Now, it’s three months later and I have complete yet one more complete revision. And I’m within a couple of weeks of getting the manuscript back with her feedback on the changes I made. At the Manuscript Academy Submission Strategy workshop mentioned above — this is known as the ‘pause and pivot’ in my journey through the query trenches. I hit the pause button on sending queries after thirty. Now, depending on what comes back soon, I hope to be actively querying again next month.
You know how it’s often said there’s always a ‘silver lining’ when you’re sad or discouraged? [Note to self: investigate where this phrase originated.] Yes, there’s been a silver lining. The down time, while TANGLED DARKNESS is under the watchful eye of an editor, has given me the opportunity to create a new story. And somehow the feeling of ‘hurry up’ and get there (wherever ‘there’ is in this novel-writing journey) has fallen away. I can’t tell you how many podcasts heard where the author was asked, “What’s one bit of advice you’d give to a new writer from a mistake you’ve made?” The answer was often, “Don’t send your manuscript out too soon.” So, another silver lining is that I did hit the pause and pivot when I did.
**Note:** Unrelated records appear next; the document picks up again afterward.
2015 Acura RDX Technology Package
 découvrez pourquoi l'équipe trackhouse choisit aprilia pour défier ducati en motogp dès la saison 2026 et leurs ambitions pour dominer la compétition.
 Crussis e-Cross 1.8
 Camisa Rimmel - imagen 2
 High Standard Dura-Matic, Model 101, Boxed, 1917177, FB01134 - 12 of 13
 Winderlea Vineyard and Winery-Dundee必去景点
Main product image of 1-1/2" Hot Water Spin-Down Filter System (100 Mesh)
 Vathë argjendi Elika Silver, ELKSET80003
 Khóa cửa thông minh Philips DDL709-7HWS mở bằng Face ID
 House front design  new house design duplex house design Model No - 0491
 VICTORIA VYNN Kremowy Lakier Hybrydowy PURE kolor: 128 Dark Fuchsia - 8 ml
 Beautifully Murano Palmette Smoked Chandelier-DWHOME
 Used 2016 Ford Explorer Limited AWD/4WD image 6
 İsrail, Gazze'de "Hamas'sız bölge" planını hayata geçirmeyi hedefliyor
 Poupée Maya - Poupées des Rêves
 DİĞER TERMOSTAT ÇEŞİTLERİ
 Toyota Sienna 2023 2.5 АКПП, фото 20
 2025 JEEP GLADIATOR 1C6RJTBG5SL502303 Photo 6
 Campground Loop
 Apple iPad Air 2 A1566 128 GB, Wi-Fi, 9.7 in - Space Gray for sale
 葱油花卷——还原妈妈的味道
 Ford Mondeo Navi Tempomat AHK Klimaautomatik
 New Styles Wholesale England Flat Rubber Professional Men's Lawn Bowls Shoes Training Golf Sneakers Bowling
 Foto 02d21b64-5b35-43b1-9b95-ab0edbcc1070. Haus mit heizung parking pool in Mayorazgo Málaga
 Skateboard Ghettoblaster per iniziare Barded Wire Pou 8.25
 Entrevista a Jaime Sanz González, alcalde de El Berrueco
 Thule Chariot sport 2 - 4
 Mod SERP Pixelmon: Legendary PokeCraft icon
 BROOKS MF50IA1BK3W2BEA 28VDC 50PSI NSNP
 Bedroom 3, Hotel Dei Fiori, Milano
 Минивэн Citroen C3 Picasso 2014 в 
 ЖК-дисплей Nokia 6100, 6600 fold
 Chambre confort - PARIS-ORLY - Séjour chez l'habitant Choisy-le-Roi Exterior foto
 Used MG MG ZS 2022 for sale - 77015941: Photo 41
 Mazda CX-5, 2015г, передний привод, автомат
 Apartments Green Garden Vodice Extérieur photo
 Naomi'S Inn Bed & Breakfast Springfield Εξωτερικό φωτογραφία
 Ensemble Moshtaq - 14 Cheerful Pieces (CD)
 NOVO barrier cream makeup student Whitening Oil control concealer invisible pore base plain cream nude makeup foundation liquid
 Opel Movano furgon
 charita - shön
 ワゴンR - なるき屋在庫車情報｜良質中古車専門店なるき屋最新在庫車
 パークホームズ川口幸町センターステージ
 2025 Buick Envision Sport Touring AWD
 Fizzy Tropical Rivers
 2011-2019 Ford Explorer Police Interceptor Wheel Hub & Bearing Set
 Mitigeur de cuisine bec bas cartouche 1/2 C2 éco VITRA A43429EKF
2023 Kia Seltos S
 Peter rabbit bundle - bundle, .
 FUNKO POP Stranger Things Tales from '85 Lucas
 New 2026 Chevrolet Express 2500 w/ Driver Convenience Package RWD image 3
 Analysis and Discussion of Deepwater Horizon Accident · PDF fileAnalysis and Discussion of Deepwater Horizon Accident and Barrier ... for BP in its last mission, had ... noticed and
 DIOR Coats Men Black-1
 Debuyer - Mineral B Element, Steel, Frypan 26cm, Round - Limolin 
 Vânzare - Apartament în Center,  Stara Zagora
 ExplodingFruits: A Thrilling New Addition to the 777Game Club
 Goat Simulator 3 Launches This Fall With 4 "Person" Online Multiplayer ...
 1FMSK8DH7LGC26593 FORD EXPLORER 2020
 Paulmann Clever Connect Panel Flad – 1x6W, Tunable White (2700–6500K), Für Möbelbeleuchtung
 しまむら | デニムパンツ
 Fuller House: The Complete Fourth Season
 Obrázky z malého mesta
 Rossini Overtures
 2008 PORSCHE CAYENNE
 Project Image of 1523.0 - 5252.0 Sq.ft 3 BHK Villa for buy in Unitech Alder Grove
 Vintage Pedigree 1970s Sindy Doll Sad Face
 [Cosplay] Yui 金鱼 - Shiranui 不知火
The author who runs my writers’ group says, “If anything, consider the first book you write as your ‘PhD’ in novel-writing. There’s no other way to learn what you learn but to do it.” I’m finding, as I start writing scenes in book two, that I have a better idea what the challenge is in the setup. The down time also gave me more time to do the things I love (doing more stuff with my partner, people and dog connections, watching stories and planning some travel, etc.), more reading time, more time to learn about storytelling.
And that’s wrap: what I’ve been up to lately.